CCSC: SDA No More
Written by Bwog Staff
It was a regular party yesterday evening in the Satow room. Joseph Milholland was the guest of honor.
The first CCSC meeting of the school year was full of brainstorming and plans, but at the year’s second gathering, the real business began. After a quick icebreaker where the council member stated the first word that came to their head (including “alcohol,” “money,” and “porcupine”), the council addressed a few salient points.
First, the Passport to Columbia presentation will occur on Saturday, September 21st. The council also tossed around the idea of a town hall for all Columbia College student to voice their thoughts to CCSC twice a semester. The council members voiced their personal concerns they had with SSOL’s new wait list program so they could improve things in the spring. Finally, they clarified that the SDA (Student Development Activities) and OCAE have merged to make a new acronym baby: SE (Student Engagement), a reportedly more efficient and faster bureaucratic office.
The council’s bylaws, not updated for “four of five years,” received reworking in the meeting. The council first assembled into small groups to edit a collective document of the bylaws. Among the more interesting comments on this:
- Changing “funding” to “finance” throughout the document
- Putting WTFColumbia and Bagelpalooza in the bylaws
- Getting rid of archaic rules, such as a reference to the now-defunct President’s Council on Student Affairs.

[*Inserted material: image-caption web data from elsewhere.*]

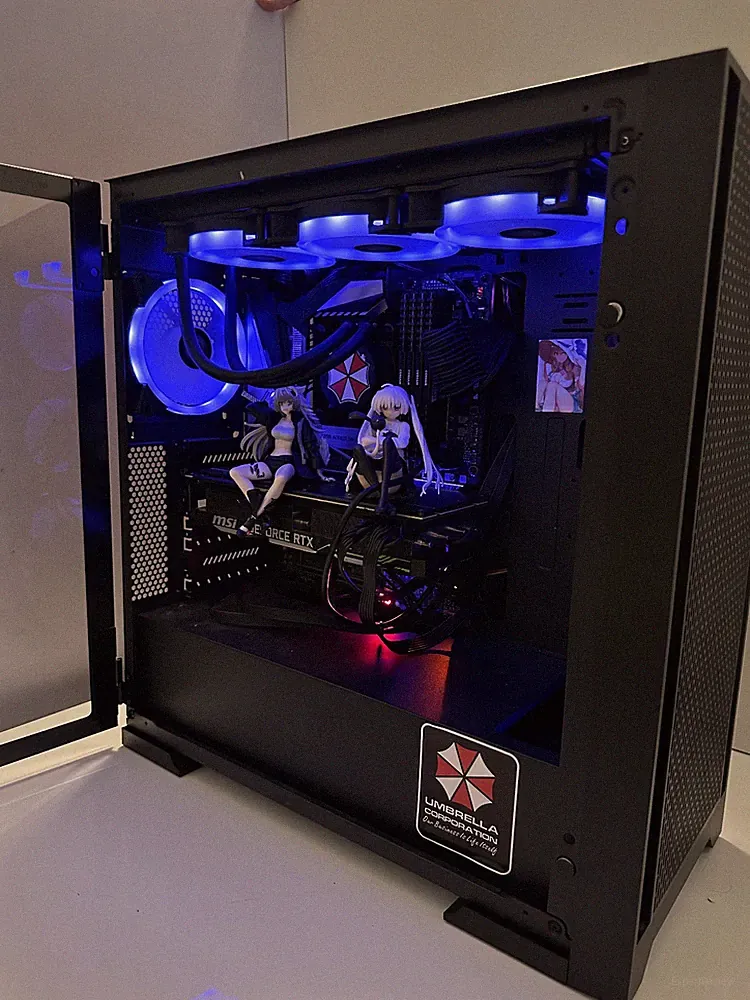 Gaming PC, i9-9900KF, RTX 2080 Ti, 32GB DDR4, NVMe 2TB, AIO Wasserkühlung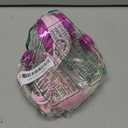 Kids Unicorns Headphones with Mic for School/Travel,95dB Volume Limited,Shareport,On/Over Ear Wired Headsets with Nylon Cable-Hot Pink (Rose2)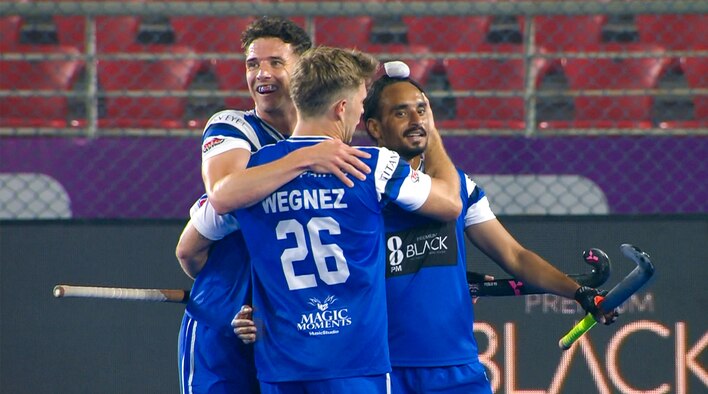 Soorma’s Might Crush Lancers - Highlights - 27 Jan 2025  from Hockey India League 2024-25 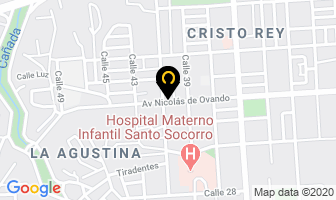 Mapa de Ferreteria Matos en Santo Domingo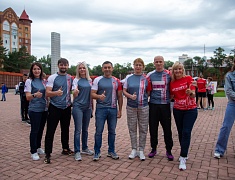 Пятый, юбилейный марафон «Бег к мечте»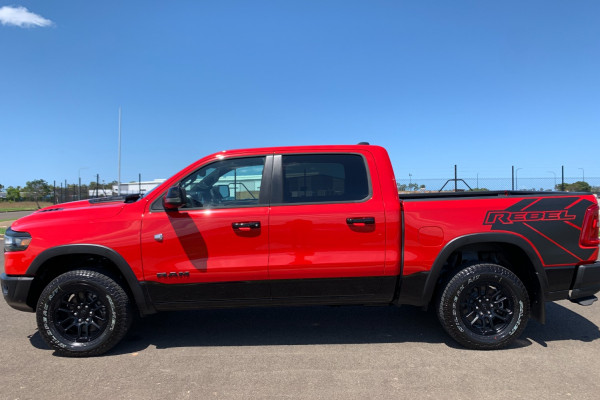 2025 Ram 1500  DT  Rebel Hurricane SO Ute Image 4
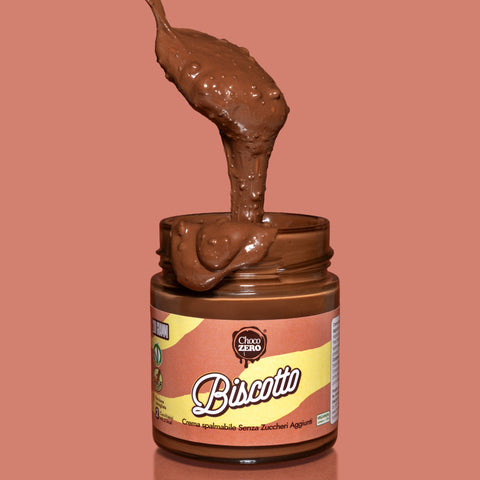Crema spalmabile Biscotto senza zuccheri aggiunti - 200g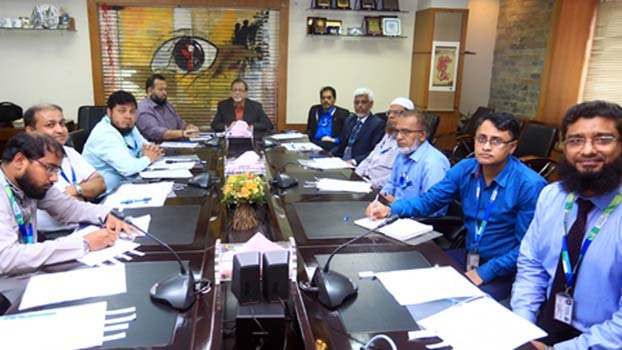 DIU holds EC meeting of IQAC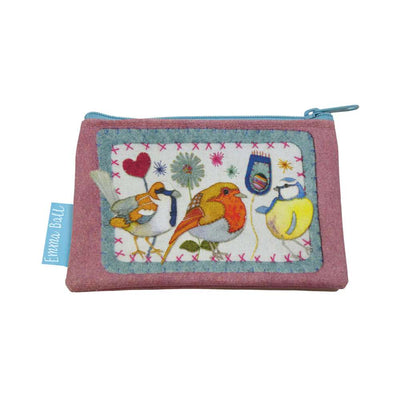 Emma Ball - Stitched Birdies Purse | Yarn Worx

The last order of business was to discuss WTFColumbia and how it related to CCSC. As a whole, the council likes WTFColumbia and thinks many of the complaints are simply questions that need to be answered. The council will create and ambitious program to spread the word about this aptly named service. Posters, advertisements, and contests were proposed along with a collection of humorous Vine videos highlighting things Columbia students might say WTF (what to fix, remember?) about. There are over 250 items on WTFColumbia the council needs to address, so they have a job on their hands.